Keeping superworms alive for a long time is so easy! In fact, it's more challenging to get them to pupate than it is to store them for long-term feeding.
Unlike most other feeder insects, superworms last the longest at room temperature. Storing them in a refrigerator, wine cooler, or even an excessively drafty location that drops below 60°F can kill them. Similarly, they'll start to perish at warm temperatures above 84°F.
If you keep them in a room at 68-78°F, you can expect them to survive for 6 months or longer.
When superworms sense movement from other superworms, they won't pupate. Therefore, you shouldn't have to worry about your superworms pupating if they're all housed together.
A large bin with few worms may allow them enough solitude to pupate once they're old and large enough. However, overcrowded housing is bad news, too.

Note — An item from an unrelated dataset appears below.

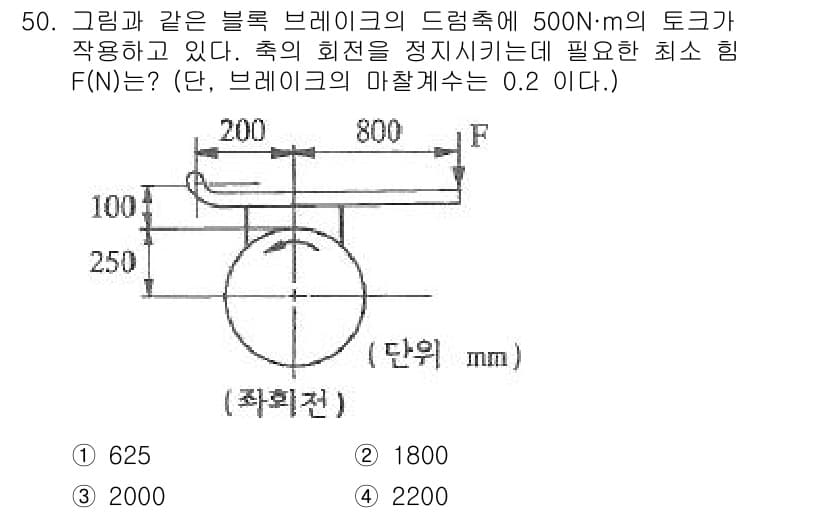 철도차량기사 2020년 49번 - 정답과 핵심 포인트를 검수 중인 기출문제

Superworms require slightly more maintenance than feeder insects that can be stored in a dormant state within the fridge. They need food, water, and clean living quarters to survive.
Aside from accidental refrigeration, moldy substrate is among the leading causes of superworm die-offs. Check the bedding at least once weekly for excessive moisture or mold growth. If it goes bad, use a sifter to remove the worms and put them in 4-5" of fresh grain bran, meal, or flour. Give your superworms fresh substrate every four weeks, even if it doesn't look like it's going bad.
They'll eat the grain bedding, but you should also ensure they always have a fresh slice of a hard, moist vegetable or fruit to hydrate them. Replace the produce as it starts to dry out or go bad. You can use:
- Sweet potato
Finally, you'll want to be sure that the storage container isn't overcrowded. Overcrowding can cause the superworms in the center of any piles to overheat. A too deep substrate (over 6") can also cause issues with overheating.